Klipple continued, “Our labor movement had better start reviewing the current health care reform proposals with the probable employer reaction in mind. For instance, if the fines on employers for refusing to provide health insurance are far less than the costs of providing that coverage, we know they will jump at the chance to try to dump the full costs onto the backs of our members. We already pay far too much for too-little healthcare, and we refuse to pay any more. If Democrats think that somehow we are excited about paying more just so they can declare victory, they are mistaken. Are Democrats planning on passing a “Strikers’ Rights” bill so we can prevail in the strikes that will surely come when employers try to cancel our health care? Of course not. I have asked the UE Washington Office to work with other unions to ascertain – as best we can at this point – just how passage of some version of the current reform will impact our current coverages. We are not looking for more reasons to be critical; we are doing our homework.
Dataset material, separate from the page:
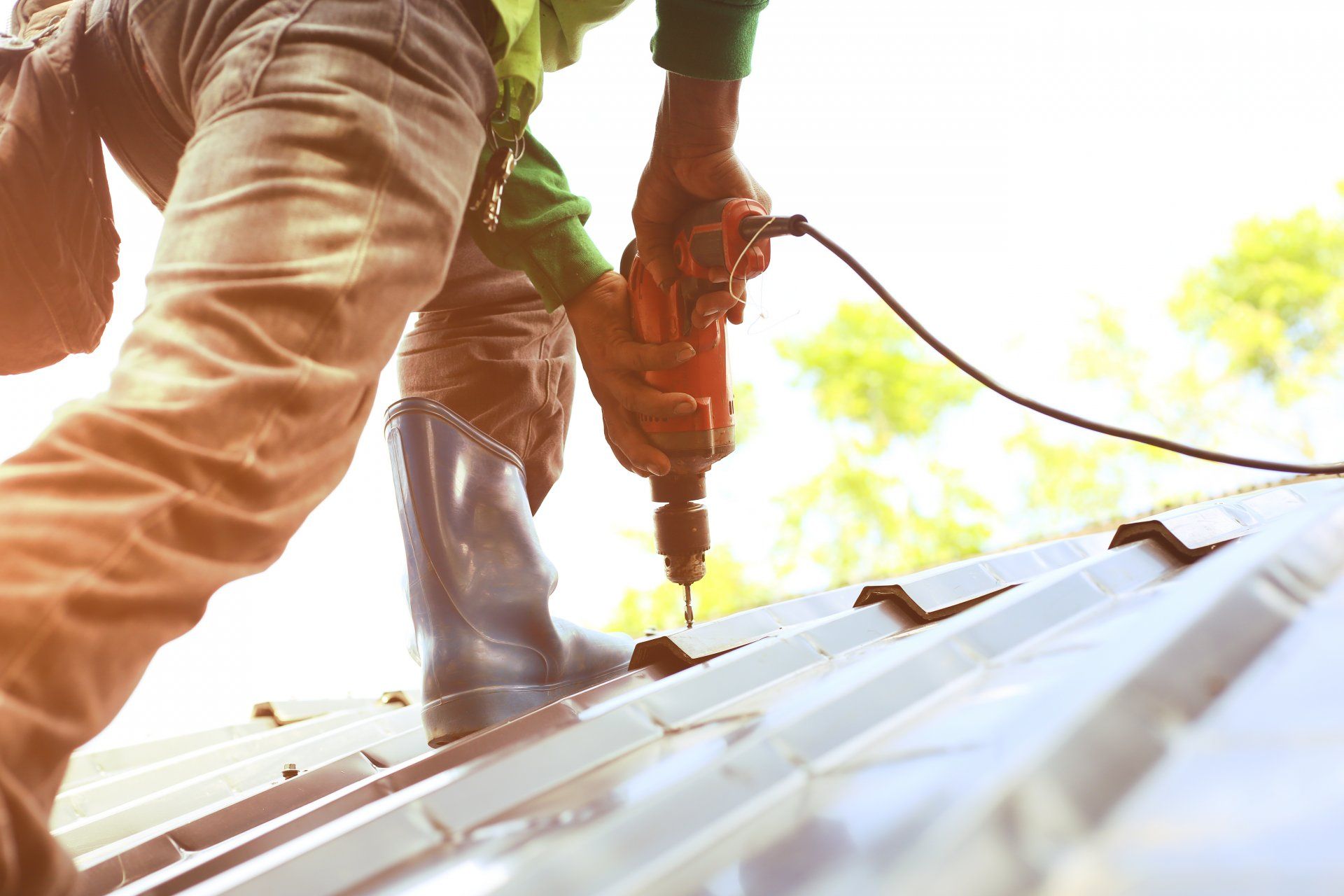 Ouvrier utilisant une perceuse électrique sur un toit métallique en plein soleil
This is too important and too costly an issue to allow for any guesswork. We need to know ahead of time how employers might use the bill for their own purposes. It’s not acceptable to find this out 2 or 3 years from now when it’s too late.”

The 1965 episode provides a cautionary note for our current situation. Employers have historically looked out for their own interests, and not ours. They will use the passage of any healthcare and insurance reform legislation for their own selfish ends, to the extent that they are allowed to do so. It is therefore up to us as union members to urge lawmakers to build-in to the current reform the sorts of components that will prevent employers from doing this. Working people did not remove the proven single-payer reform solution from the health care reform toolbox, Democrats did. It is therefore our obligation to our membership – and all working people – to ensure that whatever reform might eventually pass Congress actually improves our situation, and actually contains real prohibitions on employers who would twist and abuse the law to escape their responsibility to their employees to provide -- and pay for -- healthcare coverage.